BEGIN RECORDS

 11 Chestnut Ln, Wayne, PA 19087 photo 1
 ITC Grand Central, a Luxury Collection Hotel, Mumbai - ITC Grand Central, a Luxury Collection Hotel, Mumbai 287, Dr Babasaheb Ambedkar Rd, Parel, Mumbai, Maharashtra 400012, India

END RECORDS
BEGIN RECORDS

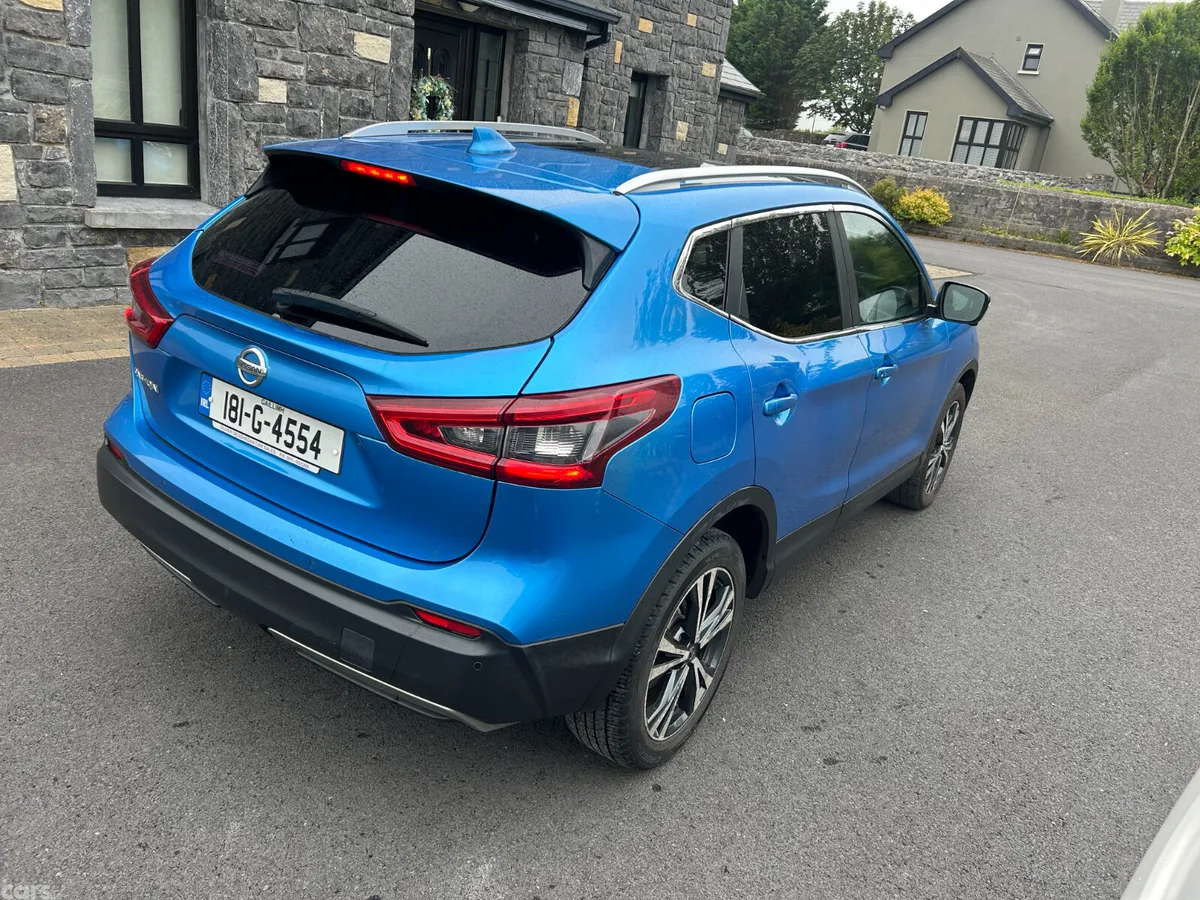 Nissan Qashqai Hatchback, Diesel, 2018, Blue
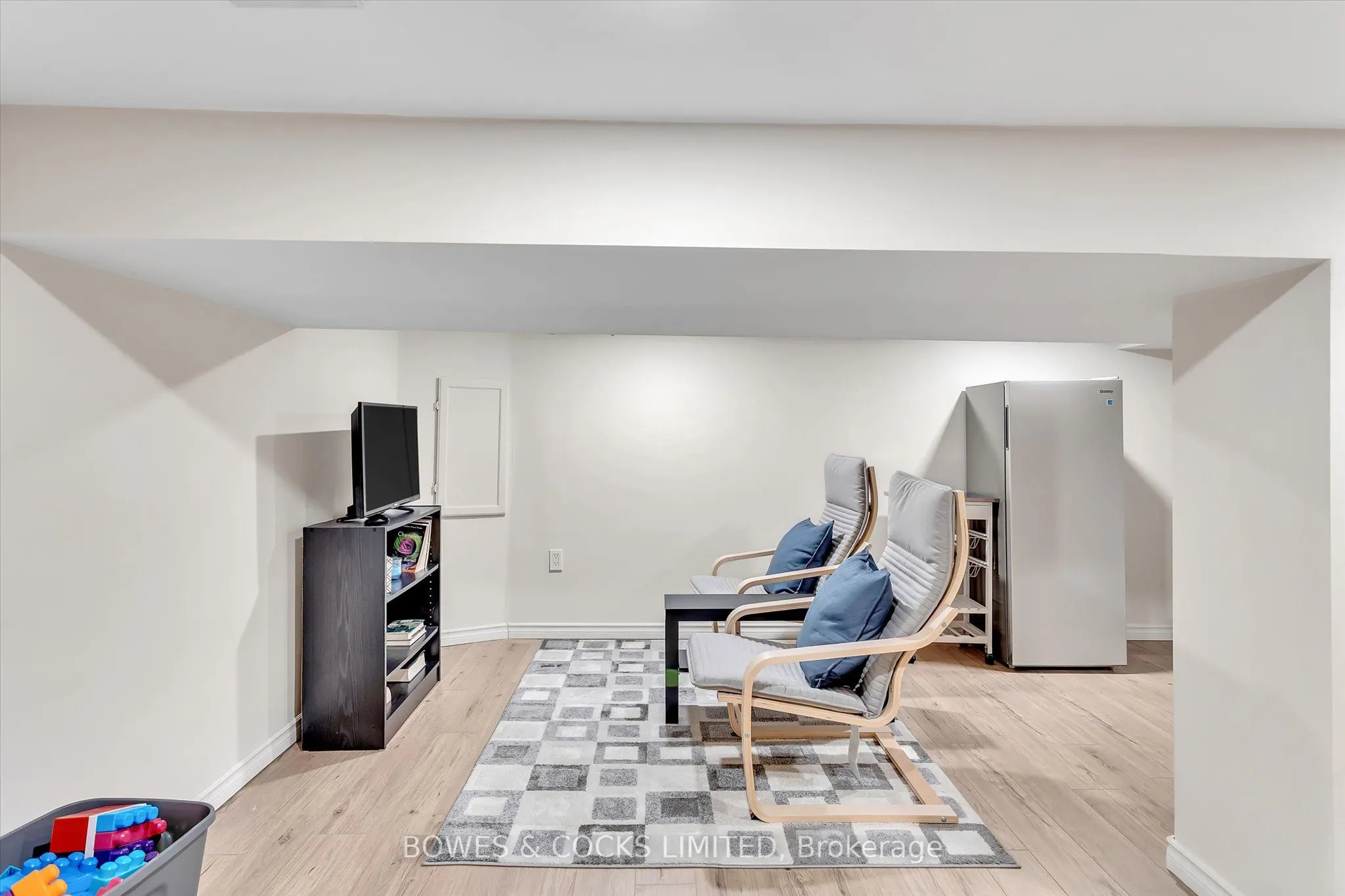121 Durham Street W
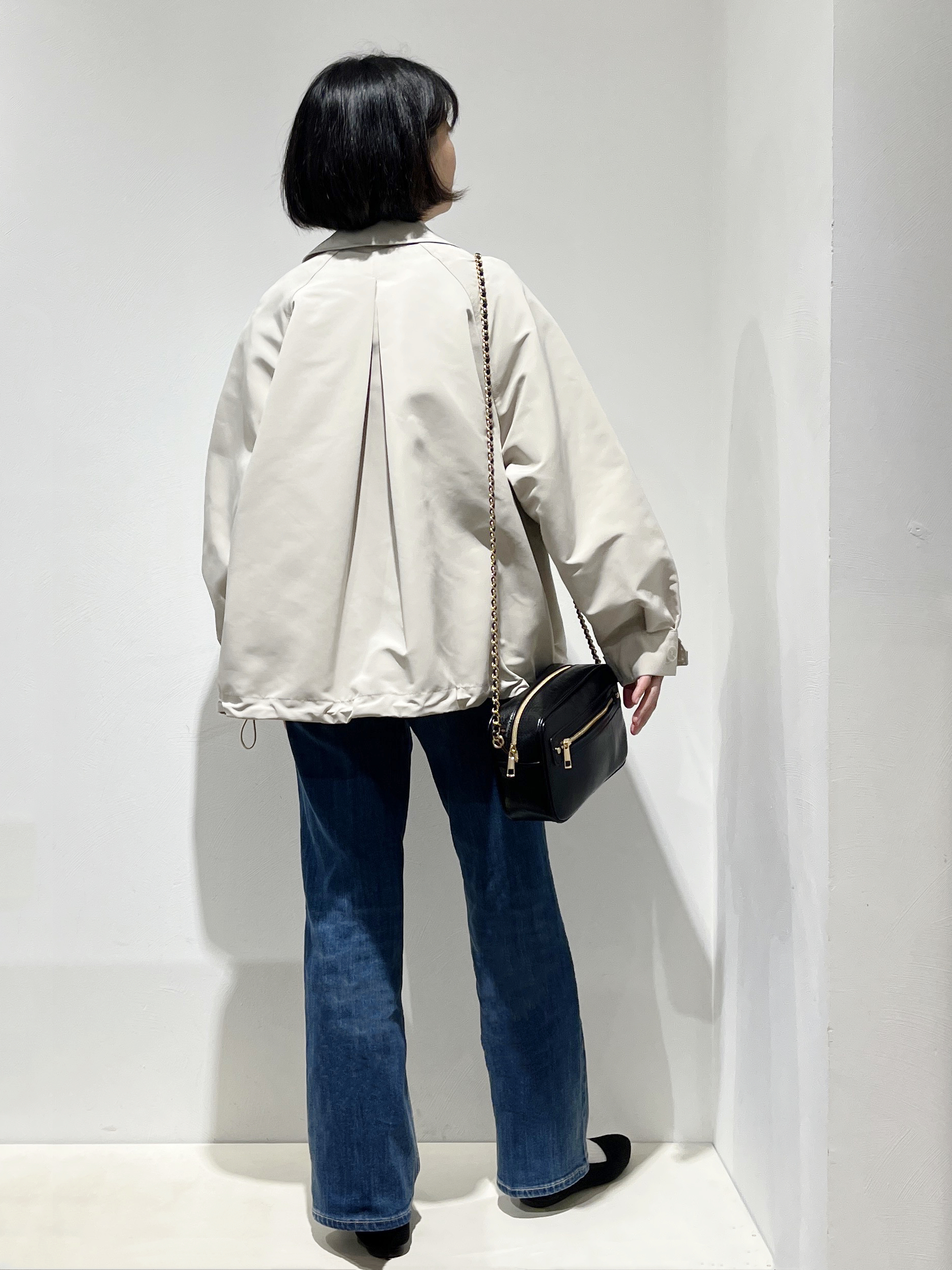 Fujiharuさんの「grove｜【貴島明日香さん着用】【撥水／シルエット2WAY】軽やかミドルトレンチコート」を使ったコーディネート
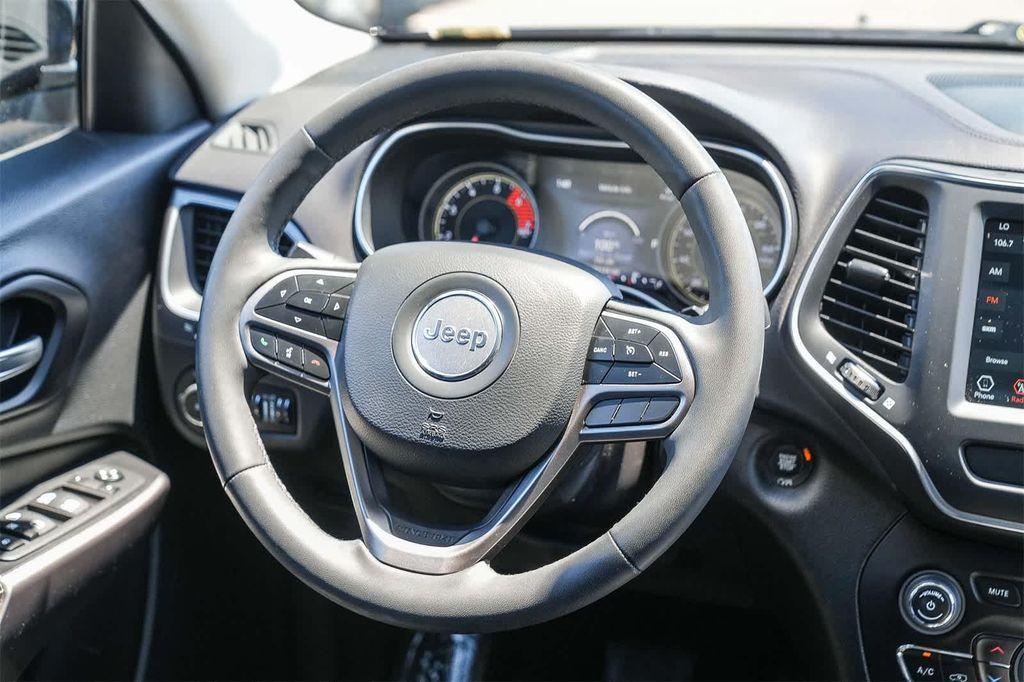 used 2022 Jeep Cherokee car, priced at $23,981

END RECORDS

__YOUR ASSIGNMENT__
Could you write out exactly the lines of the data above that run from the one holding "Nissan Qashqai Hatchback, Diesel, 2018, Blue" to the one holding "used 2022 Jeep", with both ends in and all pictures out?

__ANSWER BOX__
 Nissan Qashqai Hatchback, Diesel, 2018, Blue
121 Durham Street W
 Fujiharuさんの「grove｜【貴島明日香さん着用】【撥水／シルエット2WAY】軽やかミドルトレンチコート」を使ったコーディネート
 used 2022 Jeep Cherokee car, priced at $23,981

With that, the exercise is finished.